La Cassazione respingeva il ricorso:
“ E' orientamento di legittimità consolidato quello secondo il quale il servizio di pronta disponibilità previsto dal d.P.R. 25 giugno 1983 n. 348 è finalizzato ad assicurare una più efficace assistenza sanitaria nelle strutture ospedaliere ed in tal senso è integrativo e non sostitutivo del turno cosiddetto di guardia. Ne consegue che esso presuppone, da un lato, la concreta e permanente reperibilità del sanitario e, dall’altro, l’immediato intervento del medico presso il reparto entro i tempi tecnici concordati e prefissati, una volta che dalla Sede ospedaliera ne sia stata comunque sollecitata la presenza. Su questi presupposti, concretandosi l’atto dovuto nell’obbligo dì assicurare l’intervento nel luogo di cura, il sanitario non può sottrarsi alla chiamata deducendo che, secondo il proprio giudizio tecnico, non sussisterebbero i presupposti dell’invocata emergenza. (Sez. 6, Sentenza n. 5465 dei 18;/03/1986 Rv. 173105 Imputato: BADESSA) e che il chirurgo in servizio di reperibilità, chiamato dal medico già presente in ospedale che ne sollecita la presenza in relazione ad una ravvisata urgenza di intervento chirurgico, deve recarsi subito in reparto e visitare il malato, non essendogli consentito di sindacare a distanza la necessità e l’urgenza della chiamata. Ne consegue che il rifiuto penalmente rilevante ai sensi dell’art. 328 cod. pen., comma primo, si consuma con la violazione del suddetto obbligo e la responsabilità non è tecnicamente connessa all’effettiva ricorrenza della prospettata necessità ed urgenza dell’intervento chirurgico (Sez. 6, Sentenza n. 48379 del 25/11/2008 Rv. 242400 Imputato: Brettoni).

Tale interpretazione e’ sostenuta da una serie di norme legislative e contrattuali,

“ Il chirurgo in servizio di reperibilità, chiamato dal collega già presente in ospedale che ne sollecita la presenza in relazione ad una ravvisata urgenza di intervento chirurgico, deve recarsi subito in reparto e visitare il malato. L'urgenza ed il relativo obbligo di recarsi subito in ospedale per sottoporre a visita il soggetto infermo vengono a configurarsi in termini formali, senza possibilità di sindacato a distanza da parte del chiamato.
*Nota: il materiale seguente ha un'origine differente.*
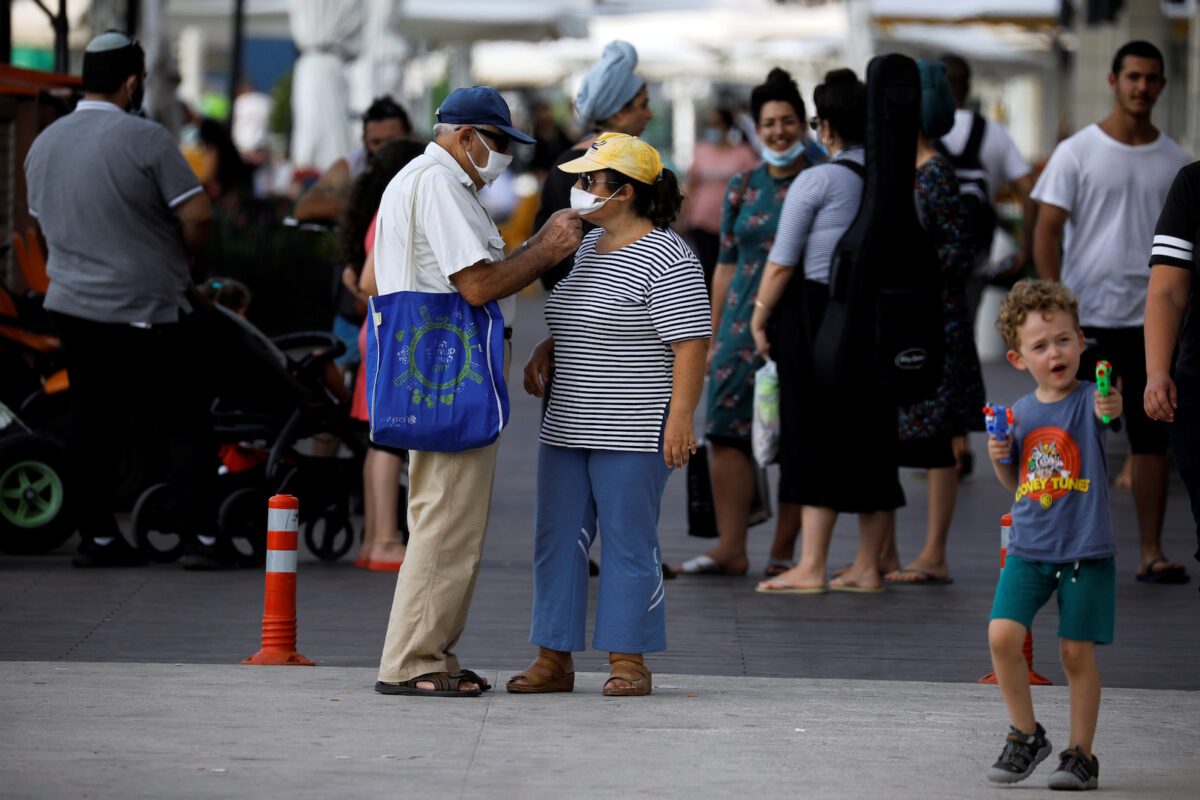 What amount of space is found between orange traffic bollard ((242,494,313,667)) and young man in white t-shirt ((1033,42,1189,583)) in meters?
3.94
Ne consegue che il rifiuto penalmente rilevante ai sensi dell'art. 328 c.p., comma 1, si consuma con la violazione del suddetto obbligo e la responsabilità non è tecnicamente connessa all’effettiva ricorrenza della prospettata necessità ed urgenza dell’intervento chirurgico (Cass. sez. 6, n. 6328/1996, ced 205089)”.

“L'art. 328 c.p., infatti, delinea una fattispecie penale volta ad assicurare il regolare funzionamento della pubblica amministrazione, imponendo ai pubblici funzionari di assolvere, con scrupolo e tempestività, ai doveri inerenti alla loro attività funzionale al fine di prevenire situazioni di pericolo in materia di giustizia o sicurezza pubblica, o di ordine pubblico o di igiene e sanità. È del tutto irrilevante che dall'indebita condotta di rifiuto derivi un effettivo pregiudizio per i beni finali presi in considerazione dalla norma”

La condanna veniva quindi confermata.